La volonté de ceux qui ont contribué à la rédaction de ce livre est ainsi de créer un espace commun de délibérations et d’échanges pour « débattre du sens profond et du rôle de tous dans l’aide internationale », y compris en y impliquant les acteurs autres que non-gouvernementaux. Chacun est ainsi appelé à interroger son mode d’intervention, son fonctionnement, ses valeurs.
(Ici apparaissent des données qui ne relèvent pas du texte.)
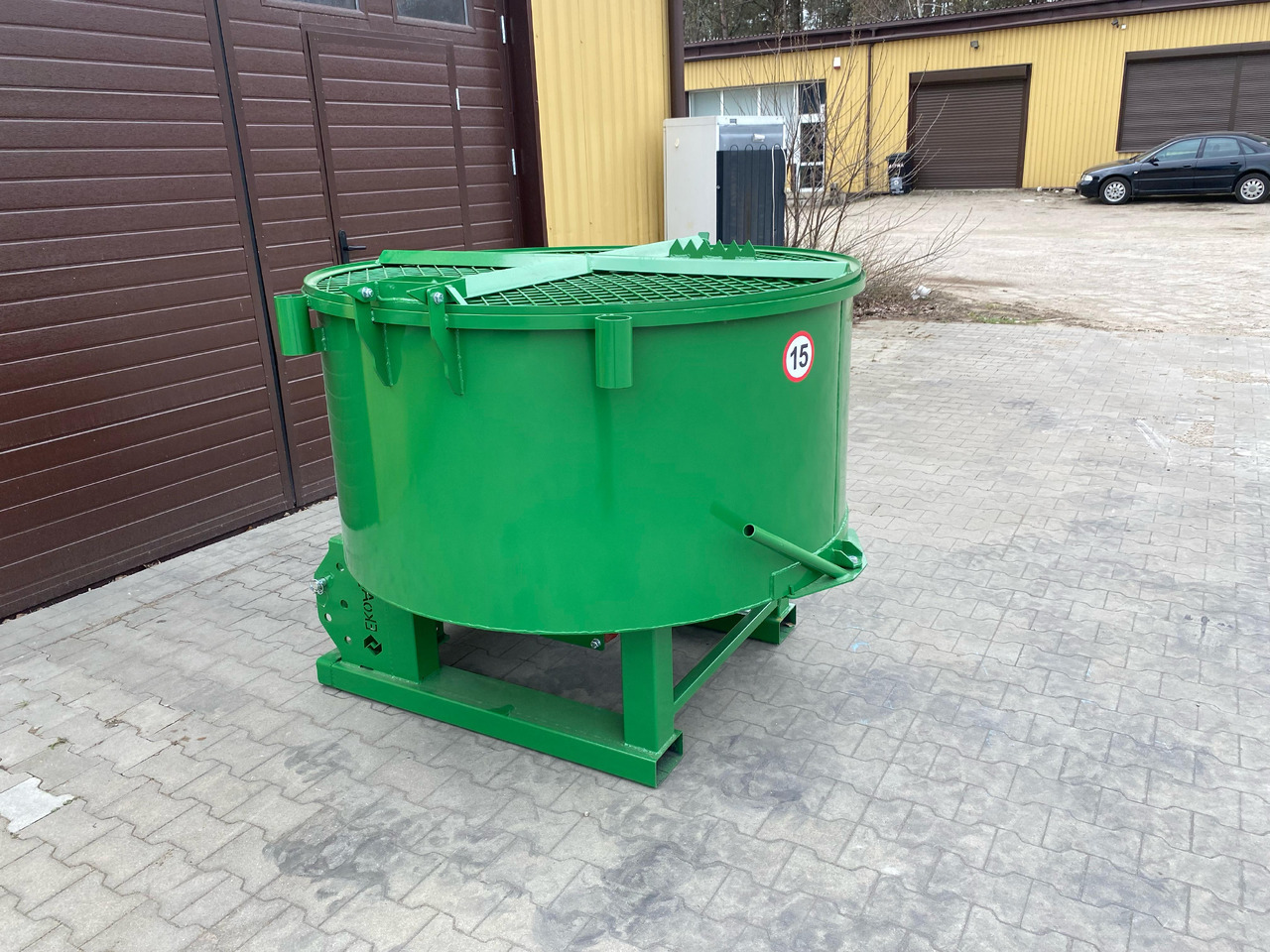 Hormigonera nuevo DC Betonmischer / Hydraulic concrete mixer / Malaxeur à béton hydraulique / Betoniera / Бетономешалка с гидравлическим приводом / Betoniarka hydrauliczna 800 l: foto 19 Hormigonera nuevo DC Betonmischer / Hydraulic concrete mixer / Malaxeur à béton hydraulique / Betoniera / Бетономешалка с гидравлическим приводом / Betoniarka hydrauliczna 800 l: foto 19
De la même manière, les débats ne peuvent se cantonner aux seuls acteurs du “Nord” mais doivent s’élargir à ceux du “Sud” et de “l’Est”. Car les questions auxquelles tous ceux-ci sont confrontés et auxquelles ils devront tenter de répondre sont nombreuses.

Commentaire

Comment appréhender les crises ? C’est finalement l’enjeu de cet ouvrage que de s’intéresser à la question. Pour tenter d’apporter des éléments de réponse à cette interrogation essentielle, toutes les voix doivent se faire entendre, y compris lorsqu’elles empruntent des chemins divergents.

Le ton du livre n’est pas polémique, au sens où celle-ci resterait gratuite et stérile. Il interpelle néanmoins sur les enjeux et les débats qui entourent l’action en situation de crise. Les problèmes sont en général bien cernés, de bonnes analyses sont proposées, rompant avec les confusions habituelles. Des exemples précis et des cas concrets illustrent aussi bien les résultats obtenus que les difficultés rencontrées. Bien entendu, tous les sujets ne sont et ne pouvaient pas être approfondis, et l’on aimerait que les débats se poursuivent, notamment ceux qui agitent les organisations non-gouvernementales. Celles-ci font de leur indépendance politique et financière, de leur neutralité et de leur impartialité, des éléments constitutifs de leur identité ; mais les contingences auxquelles elles ont à faire face, tant sur le terrain que dans les liens qu’elles entretiennent avec les autres acteurs, ne complexifient-elles pas la donne ?

Le champ du questionnement est ouvert, les interrogations qui demeurent sont nombreuses.